Monday, December 19, 2005

A Famine of the Word! -Martin Luther-

With so many churches abandoning the Word of God and replacing it with pop psychology, I find the following quote by Martin Luther quite alarming.

"Again, there is no more cruel stroke of the wrath of God than when He sends a famine of hearing His words (Amo_8:11), just as there is no greater favour from Him than the sending forth of His word, as it is said, "He sent His word and healed them, and delivered them from their destructions" (Psa_107:20)."

-Martin Luther-

Preach the word; be instant in season, out of season; reprove, rebuke, exhort with all longsuffering and doctrine. 2 Timothy 4:2

10 Comments:

At Monday, December 19, 2005 3:31:00 PM, Blogger Virginia said...

I know what you mean...I see that especially in our youth group. Sometimes I wish they would quit quoting all this stuff from articles and lesson manuals and just teach us the Bible.

 
At Monday, December 19, 2005 4:52:00 PM, Blogger Jeff said...

It's interesting how Luther almost seems to negate the role of the human in living the Christian life.
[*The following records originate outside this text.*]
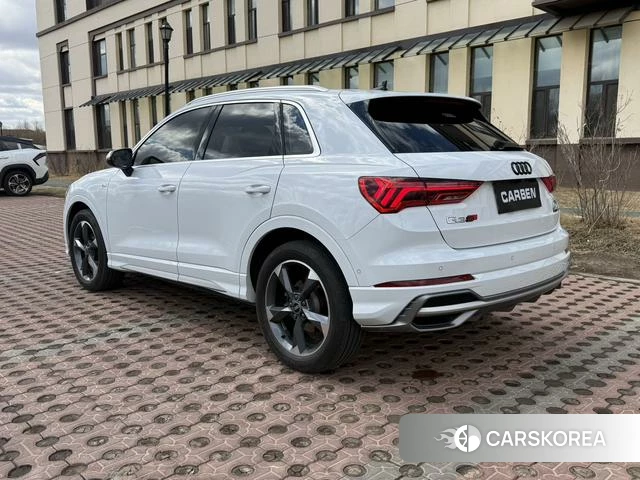 Audi Q3 id 4215012 из Китая 12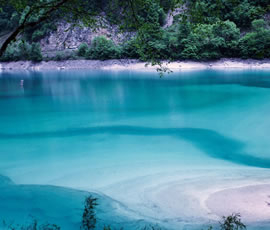 九寨溝、草原四日游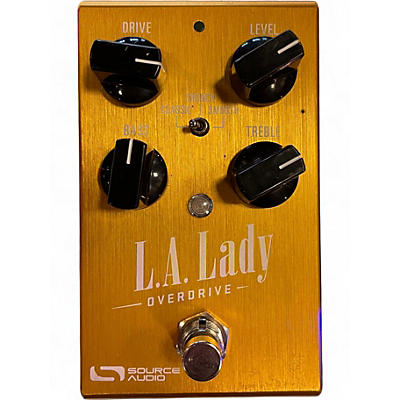 Used Source Audio LA LADY Effect Pedal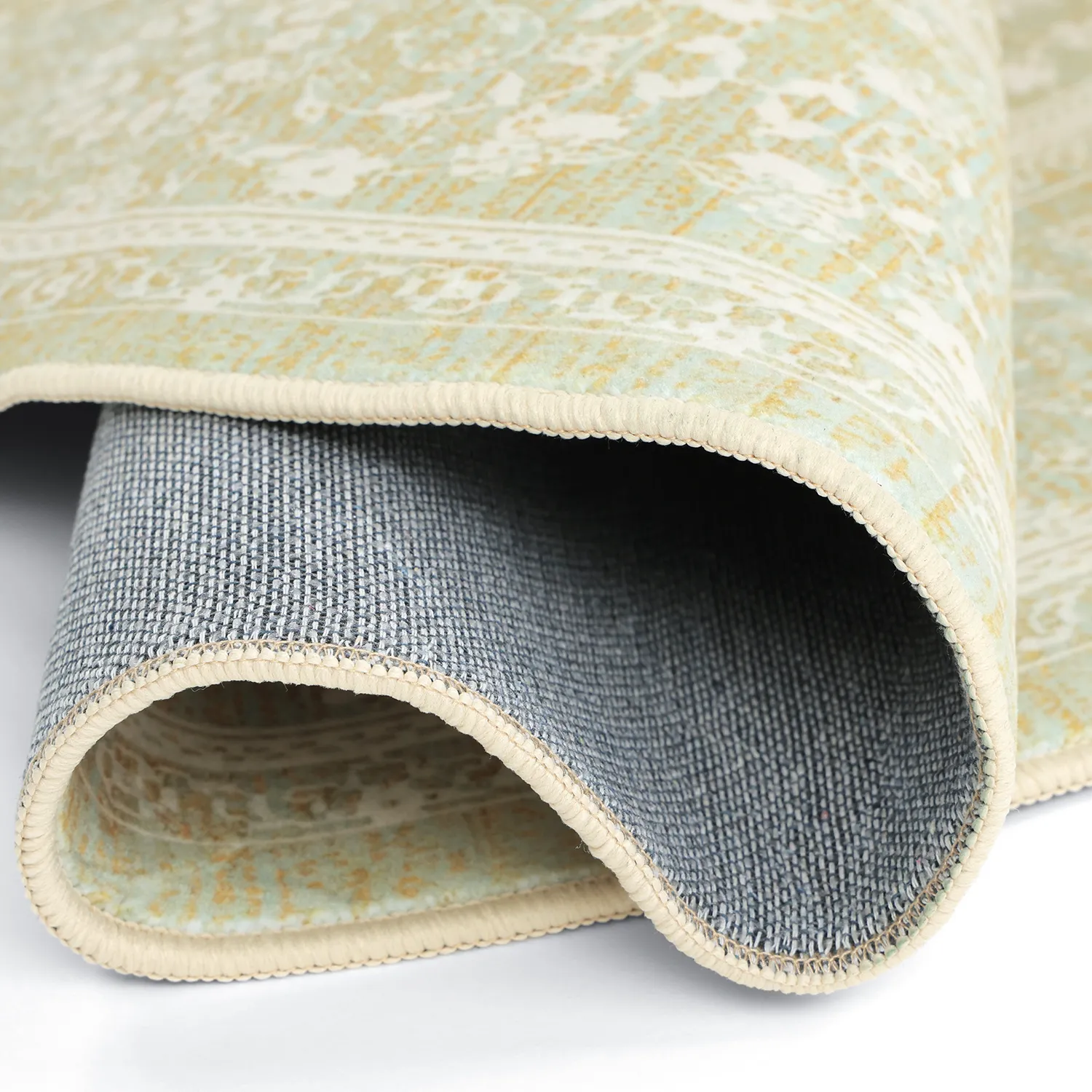 Ronde vloerkleden - Vivian (beige)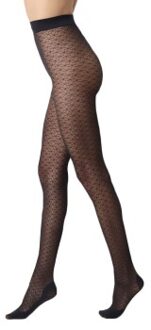 Oroblu Tights 30 Den Zwart - S/M,L/XL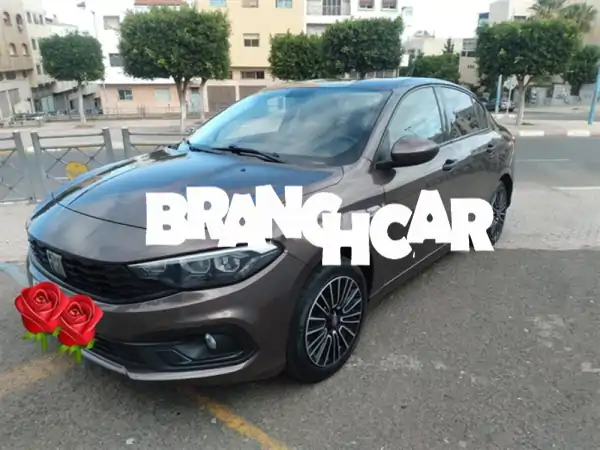 فيات تيبو ديزل أوتوماتيك 1/6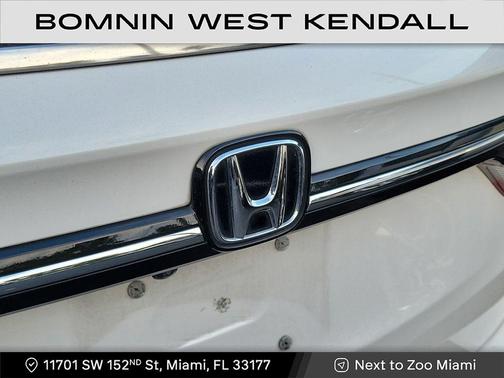 2022 Honda Odyssey EX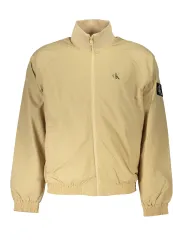 "Calvin Klein Jacken im Sale | CALVIN KLEIN BEIGE SPORTJACKE FÜR HERREN online kaufen"|Planet-Deluxe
He refers to God sending a famine of hearing rather than man closing his ears to God.

Amazingly strong statement of sovereignty that almost all Lutherans today would deny.

 
At Monday, December 19, 2005 5:44:00 PM, Blogger The Once Dead Poet said...

Makes you wonder if the U.S. is under way more judgement than we think. Reminds me of Romans 1.

 
At Monday, December 19, 2005 7:18:00 PM, Blogger missmellifluous said...

Great blog! So many great quotes for reflection. I have travelled in via Kim in Il.

This passage from Luther has so much more force when we think of Christ as the Word of God, as John 1 states. If we fail to preach the Bible/God's word, or let it influence our lives, it is Jesus we're missing out on. Do you think Psalm 107:20 is refering to Jesus as the word?

 
At Monday, December 19, 2005 7:19:00 PM, Blogger T.B. Vick said...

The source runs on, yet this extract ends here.